TORNILLO, Texas - U.S. Rep. Will Hurd spent Wednesday breaking ground in far east El Paso County.
The congressman for Texas' 23rd congressional district was the main speaker at the renaming ceremony of the Tornillo port of entry. It is now the Tornillo-Marcelino Serna Port of Entry.
Serna was a World War I veteran who was from the area. It's a move that local veterans groups, and Serna's family pushed for Hurd to do.
"Marcelino Serna is a hero. He's the most decorated World War I veteran from Texas," Hurd said.
Hurd said it was an honor for him to be there.
"Being here and taking off the blanket and seeing Marcelino Serna's name is pretty cool," Hurd said. "It's pretty surreal because this was really the first project I heard from constituents since I was elected."
Serna was the first Hispanic to be awarded the Distinguished Service Cross.
"Proud and honored. It's such a huge honor for our family," said Genny Steopani, Serna's great-granddaughter. "I feel so proud to be his great-granddaughter, and so proud of the family."
Hurd said this is one of the first projects he started working on when he was first elected in November, 2014.
"It took a little over two and half years," Hurd said. "There were so many groups that were supportive of this. It showed there was a groundswell of support for this. Then, getting it through the House and the Senate and getting it signed by President Obama last year was pretty exciting."
Serna was born in Chihuahua in 1896 and came to the United States as a young man. At 20, he enlisted into the Army, and after just three weeks of training was sent overseas with the 355th Infantry, 89th Division. When his officers learned he was Mexican, he was given to option to return to his country. But Serna refused and chose to stay and fight.
In addition to the Distinguished Service Cross, Serna was recognized for heroism by France, Italy, the United Kingdom, and the United States by receiving two French Croix de Guerre with Palm Medals, the French Medaille Militaire, the French Commemorative Medal, the British Medal of Honor, the Italian Cross of Merit, the WWI Victory Medal with five stars, the Victory Medal with three campaign bars, the St. Mihiel Medal, the Verdun Medal, and two Purple Hearts.
But despite these accolades, Serna has not been awarded either the Congressional Medal of Honor or the Texas Legislative Medal of Honor. In 2015, state Sen. Jose Rodriguez (D-El Paso) introduced a concurrent resolution to award Serna the Texas Legislative Medal of Honor; however, only one for that era can be awarded per session and it was given to another Texas war hero, Edwin Dyess. Rodriguez has again recommended Serna for the Medal of Honor. You can read his letter to the Texas Legislative Medal of Honor Committee here. To read the resolution recommending Serna for the award, click here.

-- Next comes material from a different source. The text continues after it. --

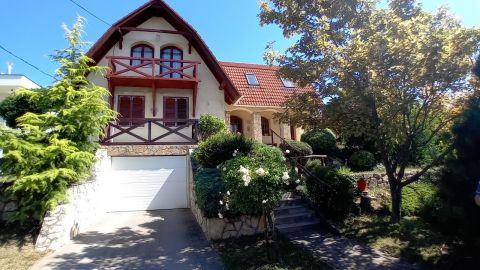 Eladó Ház 2094 Nagykovácsi 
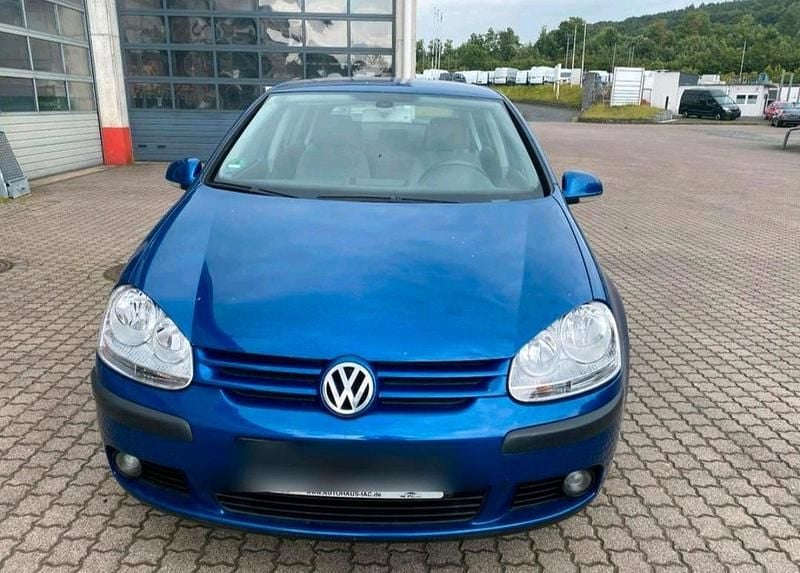 Gebraucht VW Golf V Edition 101 PS (74 kW) 2004 Blau Kleinwagen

Additionally, Rodriguez sent a letter to the Texas National Guard recommending Serna for the Medal of Valor. Maj. Gen. John F. Nichole penned a letter to Gov. Greg Abbott recommending Serna for the medal, which was awarded and formally presented to Serna's family at the bridge-naming ceremony.
Earlier in the day, Hurd celebrated two different groundbreaking ceremonies for water treatment facilities in Socorro and Clint. The new facilities are expected to provide clean drinking water for more than 365 residents.
"This is an example of how local government, federal government, and the private sector can actually work together," Hurd said. "That's why I ran for Congress, to help communities. It's pretty cool to see it come to fruition."